• REQUIRED ACTION
Going through the entries, how many lines include the string "Samsung"? Answer only with the number.

(Extracted records)
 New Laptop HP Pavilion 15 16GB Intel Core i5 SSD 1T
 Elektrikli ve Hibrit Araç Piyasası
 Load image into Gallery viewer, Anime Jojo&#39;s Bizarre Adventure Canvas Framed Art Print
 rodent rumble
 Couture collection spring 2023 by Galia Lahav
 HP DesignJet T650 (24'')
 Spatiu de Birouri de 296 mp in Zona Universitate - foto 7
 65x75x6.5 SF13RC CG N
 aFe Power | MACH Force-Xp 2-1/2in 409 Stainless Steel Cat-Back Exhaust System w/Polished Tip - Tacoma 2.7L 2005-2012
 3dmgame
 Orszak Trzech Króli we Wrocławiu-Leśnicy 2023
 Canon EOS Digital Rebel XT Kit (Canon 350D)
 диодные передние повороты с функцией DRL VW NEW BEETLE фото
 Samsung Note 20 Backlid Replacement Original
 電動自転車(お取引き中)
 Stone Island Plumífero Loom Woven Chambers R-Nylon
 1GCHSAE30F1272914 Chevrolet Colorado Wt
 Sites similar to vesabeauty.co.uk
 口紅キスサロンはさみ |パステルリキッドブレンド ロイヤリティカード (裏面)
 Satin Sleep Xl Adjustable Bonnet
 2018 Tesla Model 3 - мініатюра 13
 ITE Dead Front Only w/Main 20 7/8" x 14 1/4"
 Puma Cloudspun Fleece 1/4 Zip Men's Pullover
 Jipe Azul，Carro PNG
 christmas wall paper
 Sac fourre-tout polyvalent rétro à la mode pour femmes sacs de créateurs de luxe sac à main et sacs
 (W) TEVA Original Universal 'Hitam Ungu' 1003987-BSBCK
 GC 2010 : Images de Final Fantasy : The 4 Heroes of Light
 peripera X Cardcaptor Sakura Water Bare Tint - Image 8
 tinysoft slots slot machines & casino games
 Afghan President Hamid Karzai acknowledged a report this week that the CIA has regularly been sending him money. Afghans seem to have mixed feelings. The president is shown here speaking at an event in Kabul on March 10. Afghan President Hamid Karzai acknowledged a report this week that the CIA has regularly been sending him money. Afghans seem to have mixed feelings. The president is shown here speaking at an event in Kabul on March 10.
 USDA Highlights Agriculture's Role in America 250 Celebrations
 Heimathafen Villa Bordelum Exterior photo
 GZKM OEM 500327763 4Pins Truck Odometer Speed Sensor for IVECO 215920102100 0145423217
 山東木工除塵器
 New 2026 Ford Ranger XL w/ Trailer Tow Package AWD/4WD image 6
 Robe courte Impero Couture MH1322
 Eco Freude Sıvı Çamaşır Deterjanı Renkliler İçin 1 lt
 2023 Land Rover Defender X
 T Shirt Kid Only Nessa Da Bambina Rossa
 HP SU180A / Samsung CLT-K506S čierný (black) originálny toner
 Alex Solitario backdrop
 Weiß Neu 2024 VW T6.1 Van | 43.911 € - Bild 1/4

• EXERCISE RESPONSE
2